Predictions of Most Human Protein Structures Made Freely Available
Predictions of Most Human Protein Structures Made Freely Available

Predictions of Most Human Protein Structures Made Freely Available

The AlphaFold program from AI firm DeepMind has amassed a huge database of protein structures from humans and model organisms.

Lisa Winter
Jul 23, 2021

ABOVE: Q8W3K0, listed in the DeepMind database as a potential plant disease resistance protein from Arabidopsis thaliana 
DEEPMIND

A solid understanding of a protein’s structure can lend crucial insight into the mechanism of certain biological processes or provide a starting point for developing a new drug. AlphaFold, a program from the UK-based artificial intelligence firm DeepMind, has made significant strides in reducing the time needed to predict a protein’s structure from months to minutes with unparalleled accuracy. Now, a paper published July 22 in Nature reports that a collaboration between AlphaFold and the European Molecular Biology Laboratory (EMBL) has built a publicly-available database containing more than 350,000 protein structures.

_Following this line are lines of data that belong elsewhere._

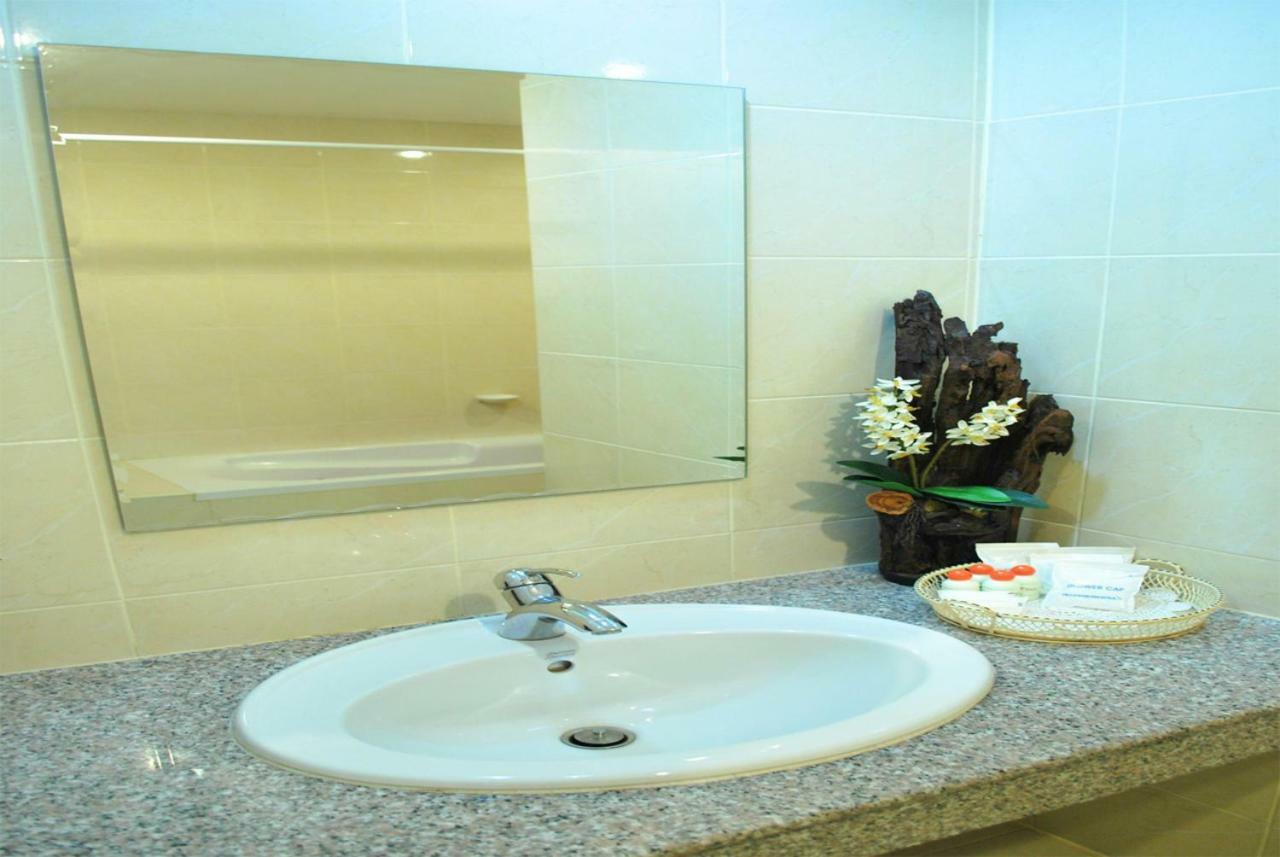 Win Place Hotel Chiang Mai Exterior photo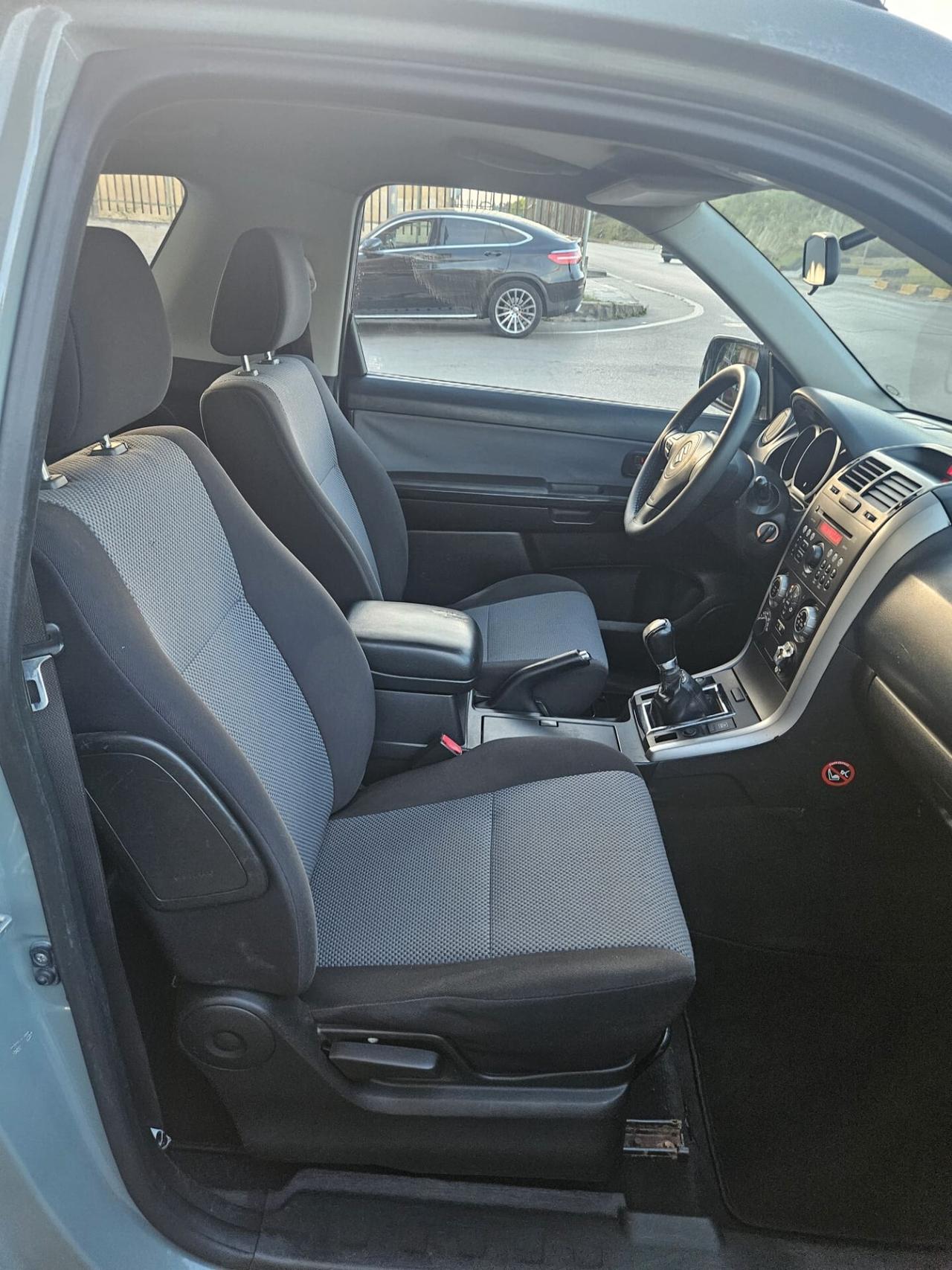 SUZUKI Grand Vitara 3porte 1.9TD 4x4 95kw 130cv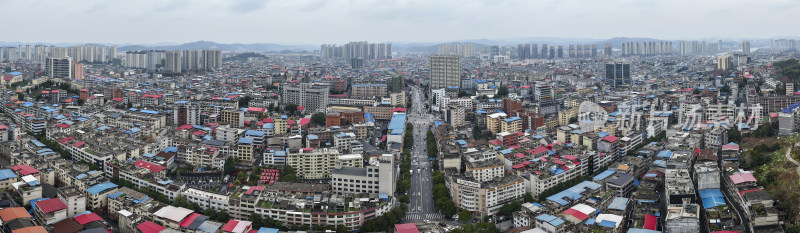 隆回县城雨后风光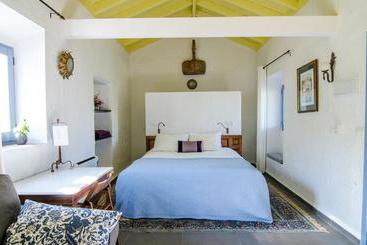 تختخواب و صبحانه Rancho Del Inglés
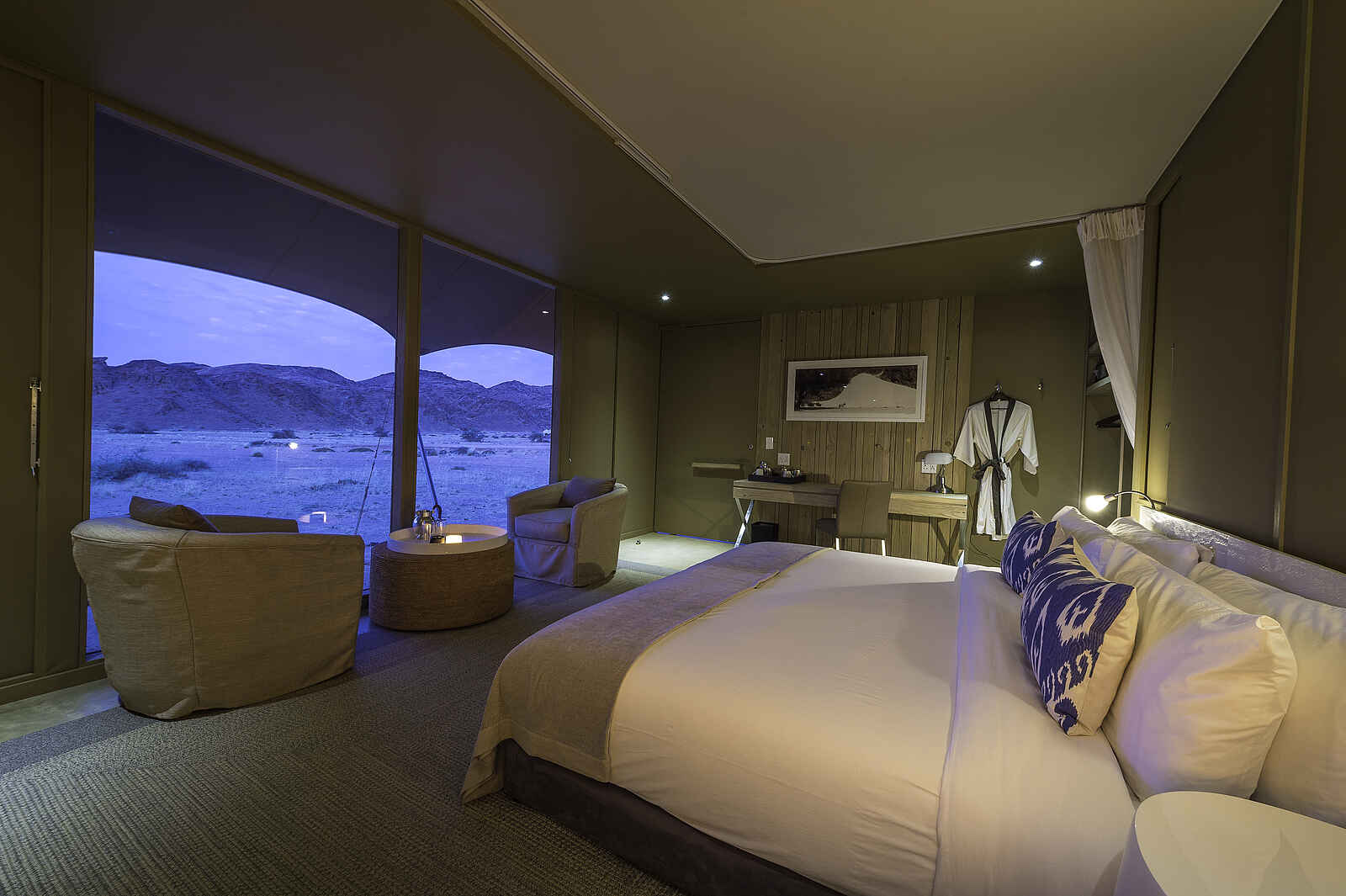 Hoanib Skeleton Coast Camp: Schlafzimmer mit Panoramafenster Hoanib Skeleton Coast Camp: Schlafzimmer mit Panoramafenster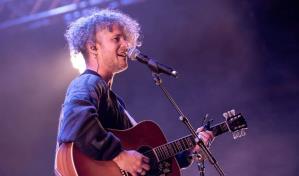 Vicente García se pasea por los ritmos tropicales y es aplaudido en su tierra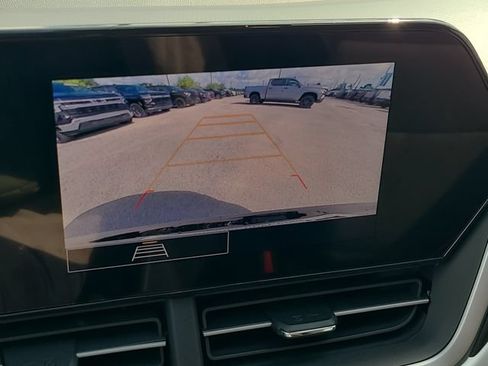 New 2026 Chevrolet Trax LS FWD image 28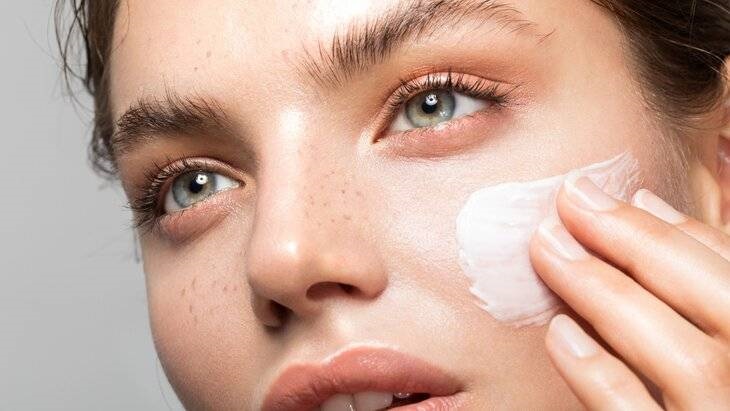 Nên sử dụng thêm kem trị nám da để sớm có được làn da như ý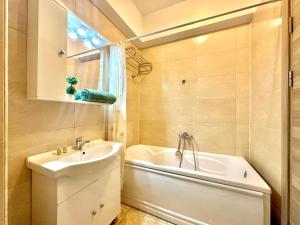 Et badeværelse på Dolce Aqua Summerland Apartments + 36 billeder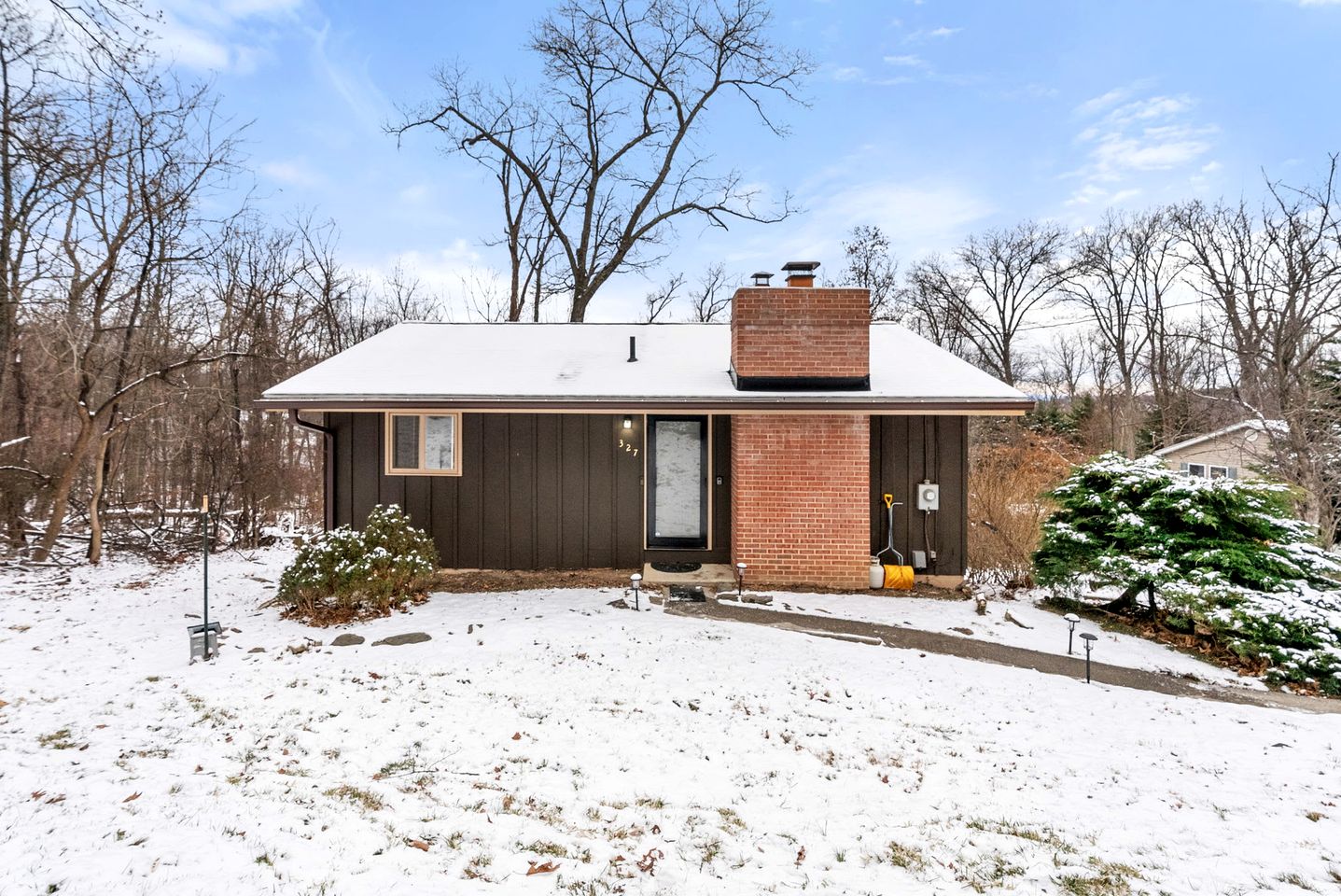 Spacious Mountain Retreat with Hot Tub & Screened Porch Near Wineries and Appalachian Trail | Harpers Ferry, WV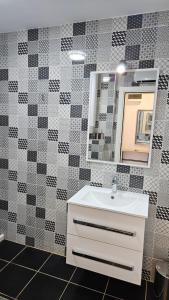 O baie la Apartmani Lime +37 fotografii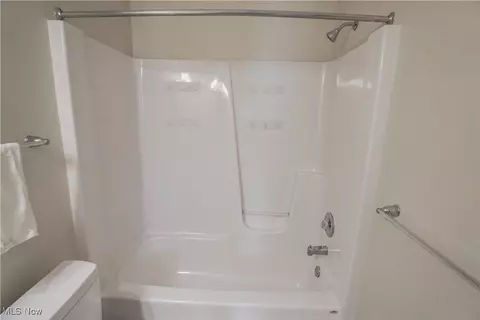 Bath - 129 Westminster Way, Elyria, OH 44035 photo 5 of 5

“This understanding means we can be better equipped to unravel the molecular mechanisms of life and accelerate our pursuits to protect and treat human health, as well as the health of our planet, and making this tool open access will accelerate the power of research discovery and innovation for scientists around the world,” Edith Heard, director general of EMBL, tells The Guardian.

The human proteome—that is, all proteins human DNA is known to code for—sits at roughly 20,000 proteins. Laboratory analysis has confirmed the structures of only approximately 17 percent of those molecules. Before the advent of neural networks and modern computer processors, computational predictions of structures took a long time and were often inaccurate. DeepMind reports that the new database includes structures for 98.5 percent of the human proteome with confidence or a high degree of confidence for accuracy. Proteins from 20 model organisms, including Caenorhabditis elegans and Drosophila melanogaster, are also included in the database, bringing the grand total to 350,000 structures.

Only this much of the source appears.